Na wystawie można oglądać ponad 40 fotografii, zarówno barwnych jak i czarno białych, wykonanych rozmaitymi technikami. Niektóre z nich stanowią swoiste cykle, jak pokazujące burzową, letnią pogodę, zdjęcia Stanisława Andruszkiewicza, czteroczęściowy cykl Wojtka Surawskiego czy prace Lecha Kazimierza Buczyńskiego, ukazujące widok z okna artysty.
- To prawie czarno białe zdjęcia, z gatunku monochromatycznych – mówi Buczyński. - Były robione w czasie ostatniej zimy, w ciągu trzech dni, przy dość dużym mrozie. Chciałem ukazać zmieniające się w czasie tych trzech dni niuanse – pomimo tego, że pogoda była stabilna, to światło się zmieniało, co widać na zdjęciach. Są one dla mnie powrotem do źródeł, chwilą odpoczynku od fotografii kreacyjnej.
Inne prace są ze sobą powiązane pośrednio, jak cykl czterech fotografii Zbigniewa Ciborowskiego. „Medytacja” samotnego młodego człowieka sfotografowanego w Krakowie, otoczonego nierealnymi, rozmytymi postaciami otaczających go osób kontrastuje tu ze zdjęciem „Procesja”.

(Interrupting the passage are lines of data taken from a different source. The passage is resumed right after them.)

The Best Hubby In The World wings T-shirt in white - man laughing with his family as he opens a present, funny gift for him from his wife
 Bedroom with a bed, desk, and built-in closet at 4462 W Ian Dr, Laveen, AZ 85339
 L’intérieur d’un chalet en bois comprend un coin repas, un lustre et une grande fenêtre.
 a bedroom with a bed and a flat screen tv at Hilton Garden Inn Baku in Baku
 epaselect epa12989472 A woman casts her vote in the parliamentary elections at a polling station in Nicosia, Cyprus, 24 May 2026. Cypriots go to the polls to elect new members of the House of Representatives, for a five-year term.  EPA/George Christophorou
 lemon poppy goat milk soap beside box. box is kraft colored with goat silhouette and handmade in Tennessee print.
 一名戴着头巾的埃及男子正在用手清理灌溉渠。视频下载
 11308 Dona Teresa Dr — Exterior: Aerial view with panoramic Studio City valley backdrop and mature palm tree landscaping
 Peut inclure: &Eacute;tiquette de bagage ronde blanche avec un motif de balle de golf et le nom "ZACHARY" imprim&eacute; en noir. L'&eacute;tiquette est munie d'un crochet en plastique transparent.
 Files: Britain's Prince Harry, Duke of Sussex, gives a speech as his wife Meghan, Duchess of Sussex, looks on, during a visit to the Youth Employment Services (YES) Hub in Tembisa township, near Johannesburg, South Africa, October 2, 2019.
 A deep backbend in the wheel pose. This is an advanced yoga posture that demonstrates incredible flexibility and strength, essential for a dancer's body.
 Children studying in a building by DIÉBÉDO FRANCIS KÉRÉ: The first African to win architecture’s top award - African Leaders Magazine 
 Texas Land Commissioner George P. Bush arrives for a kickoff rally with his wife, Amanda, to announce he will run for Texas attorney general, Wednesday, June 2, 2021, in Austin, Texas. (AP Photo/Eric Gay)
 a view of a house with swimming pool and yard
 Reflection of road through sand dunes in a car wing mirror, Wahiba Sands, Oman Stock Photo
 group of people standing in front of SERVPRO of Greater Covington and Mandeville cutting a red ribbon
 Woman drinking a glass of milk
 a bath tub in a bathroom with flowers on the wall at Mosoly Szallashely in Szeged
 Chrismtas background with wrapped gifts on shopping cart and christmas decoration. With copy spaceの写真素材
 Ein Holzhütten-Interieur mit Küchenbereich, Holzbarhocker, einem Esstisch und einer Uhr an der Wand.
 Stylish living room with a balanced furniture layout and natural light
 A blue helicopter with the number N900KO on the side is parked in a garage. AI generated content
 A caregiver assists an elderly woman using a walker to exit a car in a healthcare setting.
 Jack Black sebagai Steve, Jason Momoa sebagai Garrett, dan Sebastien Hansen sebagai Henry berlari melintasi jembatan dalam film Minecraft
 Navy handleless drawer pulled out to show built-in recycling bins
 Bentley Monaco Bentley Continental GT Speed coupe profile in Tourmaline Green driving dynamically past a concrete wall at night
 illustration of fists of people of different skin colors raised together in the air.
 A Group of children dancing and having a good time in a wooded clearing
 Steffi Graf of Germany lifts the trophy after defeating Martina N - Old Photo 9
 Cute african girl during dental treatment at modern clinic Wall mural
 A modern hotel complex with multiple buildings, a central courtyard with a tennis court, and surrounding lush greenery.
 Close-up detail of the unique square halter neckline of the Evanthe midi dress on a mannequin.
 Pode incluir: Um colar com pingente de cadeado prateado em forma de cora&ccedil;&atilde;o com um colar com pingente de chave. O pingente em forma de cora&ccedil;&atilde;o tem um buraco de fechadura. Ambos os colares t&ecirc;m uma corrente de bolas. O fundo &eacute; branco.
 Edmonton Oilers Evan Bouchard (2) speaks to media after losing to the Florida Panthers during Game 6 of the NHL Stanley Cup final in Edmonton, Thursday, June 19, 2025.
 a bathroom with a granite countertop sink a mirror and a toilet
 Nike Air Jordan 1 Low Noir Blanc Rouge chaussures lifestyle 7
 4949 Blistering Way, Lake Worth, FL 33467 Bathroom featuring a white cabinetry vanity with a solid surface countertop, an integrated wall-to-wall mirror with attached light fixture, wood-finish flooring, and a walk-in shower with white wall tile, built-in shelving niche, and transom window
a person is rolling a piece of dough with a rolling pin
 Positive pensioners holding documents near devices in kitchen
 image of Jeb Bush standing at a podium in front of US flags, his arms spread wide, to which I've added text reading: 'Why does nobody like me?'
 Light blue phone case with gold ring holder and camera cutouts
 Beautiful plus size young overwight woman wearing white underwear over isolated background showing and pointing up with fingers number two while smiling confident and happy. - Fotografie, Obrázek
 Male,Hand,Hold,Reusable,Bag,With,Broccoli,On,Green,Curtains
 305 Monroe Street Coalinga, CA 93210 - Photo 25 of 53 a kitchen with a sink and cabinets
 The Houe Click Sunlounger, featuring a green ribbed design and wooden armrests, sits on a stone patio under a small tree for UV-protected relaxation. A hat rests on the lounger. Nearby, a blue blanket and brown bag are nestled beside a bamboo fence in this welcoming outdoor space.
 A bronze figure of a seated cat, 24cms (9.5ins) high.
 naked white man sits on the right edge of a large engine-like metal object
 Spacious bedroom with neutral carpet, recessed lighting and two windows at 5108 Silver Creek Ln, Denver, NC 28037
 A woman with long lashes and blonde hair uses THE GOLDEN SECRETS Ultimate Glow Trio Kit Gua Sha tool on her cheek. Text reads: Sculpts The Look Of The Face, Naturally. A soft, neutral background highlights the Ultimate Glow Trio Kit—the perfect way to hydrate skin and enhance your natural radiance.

- To cykl poświęcony ludzkim emocjom – wyjaśnia Zbigniew Ciborowski. - Przedstawia medytację pojedynczego człowieka i procesję, a pomiędzy nimi nieokiełznaną, spontaniczną radość ludzi będących razem. Chodziło mi o to, by wzbudzić w oglądających refleksję, zmusić ich do zastanowienia.
Na wystawie nie brakuje też zdjęć typowo dokumentalnych, jak ascetyczne, tradycyjne w formie czarno białe zdjęcia Przemysława Karwowskiego oraz prace Grzegorza Zabielskiego, przedstawiające plenerowy spektakl „Ślepcy” w czasie Festiwalu Teatralnego „Walizka”. Zaproszeni goście - którzy nie pojawili się na wernisażu – przedstawili głównie prace starsze. Wyróżniają się wśród nich fotografie Anny Worowskiej – malarska wizja rzeczywistości i fotografowanych obiektów na przykładzie ważek.
- Rozrzut tematyki na tej wystawie jest spory – ocenia Zbigniew Ciborowski. - Ale to właśnie cechuje nasze środowisko: wszyscy robimy pejzaże, ale na wystawy doroczne dajemy zdjęcia nowe, nigdzie dotąd nie eksponowane. Co roku chcemy pokazać to co robimy - najświeższe osiągnięcia Klubu Fotografii NURT. I myślę, że będziemy to kontynuować.